# Selling 2013 TTRS Sepang Blue. APR Stage II, with DP, Intercooler & more...



## Williamttrs (Mar 29, 2013)

Selling My TTRS for new Tesla P85D on order. Would like to sell late March, but am willing to let her go earlier if someone is dying to have her. 

She was purchased new on or about March 31, 2013. I saw her at the dealership and asked for a test drive. The sales guy thought I was joking. I told him if I could fit a car seat in the back and I liked the performance and handling, I would buy. We verified the ability to put a car seat in and the rest is history.

Mechanical things to note
Within the first month an APR Stage I tune was added and a KN Air filter. Within a few months the APR downpipe was added and I upgraded to the Stage II tune. I switched out the spark plugs at this time with the recommended plugs that are one step colder. Several months later I added the APR Intercooler and MSS Full Sports Springs. The front brakes were replaced under warranty in the summer of 2014 as a result of the TSB that was issued. As noted the milage is low, but I think it is worth mentioning that about 10K of the 19K miles were put on as a result of 4 2400 mile trips from Houston to Colorado. These were long road trips with very long highway miles. I only mention this because most people seem to think highway miles create less wear and tear. Take that for what it is worth. 

Cosmetic things to note
Gtechniq detail performed summer of 2013. I spent around $1K on this. Sure it was a ridiculous amount to spend, but the effects are spectacular. Summer of 2014 I brought the detailer back out to do a refresh. Almost all of the hydrophobic effects were still present, but since he was there I had him add an extra coat. Since that time, the car has been driven less than $3000 miles. All this to say that the detail is still in excellent condition. Spring of 2014 purchased Enekei (sp?) wheels. I would like to keep these and will put the stock rims on, but I could be convinced to sell them for a reasonable price. The interior is in near perfect condition. No spills. No noticeable wear anywhere except minor creasing in the side bolster for the front seats. The driver side creasing is more pronounced because the passenger seat was rarely used. There is a small imperfection/scratch on the front of the hood. It is about half the size of a pencil eraser head. This happened on a drive to Colorado from a rock thrown from a truck. The front bumper cover was replaced because something flew of the back of a different truck and put a large gouge in the bumper cover. There was no other damage. This repair was performed in December of 2013 and the paint is a perfect match and looks OEM.

Tracking Days:
You can check my threads and read my comments about my 2 track days. The brief synopsis that is worth mentioning here is that the first day my car was on the track for three or four 20 minute sessions. The second track day it was on the track for five or six 20 minute seasons. At the end of this session I slid into the gravel and some pebbles got between my front driver caliper and my wheel. The caliper has some moderate cosmetic scratches. Other than that, there were no other problems. 

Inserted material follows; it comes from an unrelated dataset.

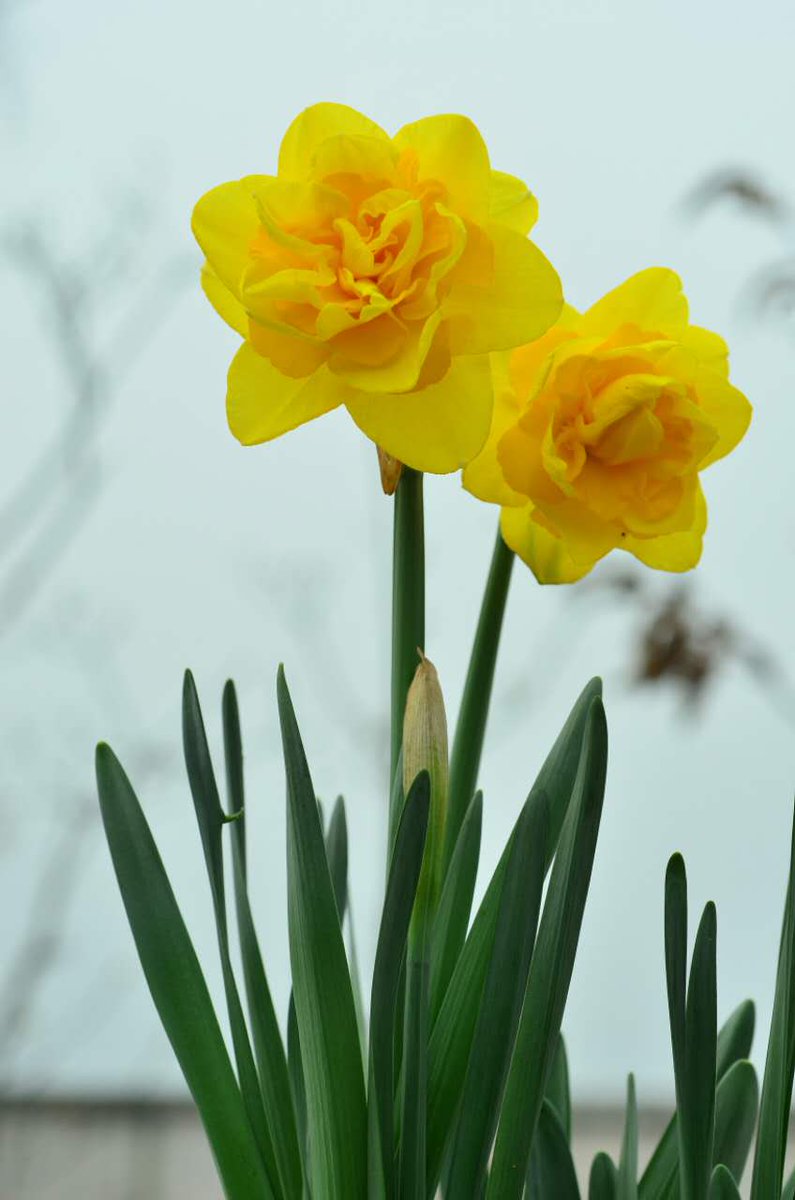 EmmaChloe10's tweet photo. Spring Color https://t.co/WrSZ4JphO5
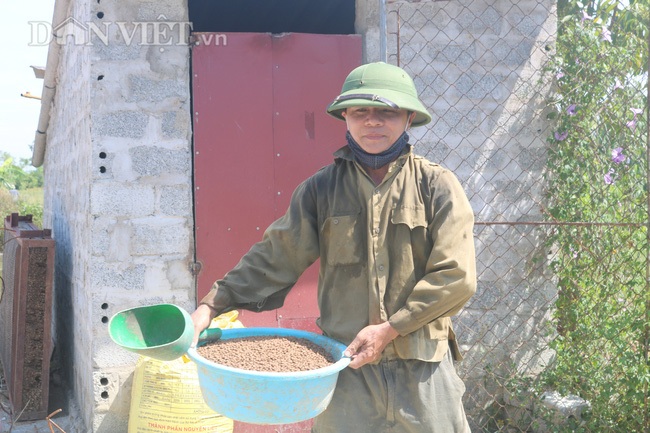 Nuôi cá chép lai thâm canh, nông dân Thanh Hóa lời 150 triệu đồng/ha - 8 Nuôi cá chép lai thâm canh, nông dân Thanh Hóa lời 150 triệu đồng/ha - 8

Tires were replaced at about 13K miles. Pilot Super Sports 265/30/19. The second track day happened with these tires. I would estimate that 75% of the tire tread is still there. 

Nice Extras
I added a bluetooth adapter that enables streaming music (value about $100). I also have a VAG Com which I will give away (value about $300)

OEM features
This car came with everything with the exception of the carbon fiber mirrors. 

If there is a serious buyer, I will be happy to take extensive pictures and videos of anything they want or we could FaceTime or Skype. I have no interest in parting anything out, but I do have the OEM springs if those are wanted. 

I am totally willing to offer a good deal. My goals are simple, a far deal for both sides and a simple transaction. What do I think is fair? Well I did a quick quote on Edmonds and got $45,355. The extras that were added cost me about $5500 in parts and at least $2000 more in labor. I know very little cash value is added as a result of these upgrades. So I am willing to offer the TTRS for a flat $47K. Buyer pays for and arranges shipping. I am open to suggestions regarding payment method. If by chance there is a lot of interest in the car and a deal has not been inked, I do reserve the right to adjust the price. 

I took a quick video tonight. Take a look. I will be happy to do another one in the day light. I just wanted to get this out there while I was thinking about it. 




Feel free to ask questions on this thread or PM me.


----------



## robcorn (Sep 30, 2000)

You may want to move this over to the MKII thread to get more traffic and also post it in the classifieds! Nice car, wish I had the funds to buy it now!

Best of luck with your sale!


----------



## Williamttrs (Mar 29, 2013)

rob,

Thanks for pointing that out! I thought I was in the right place.


----------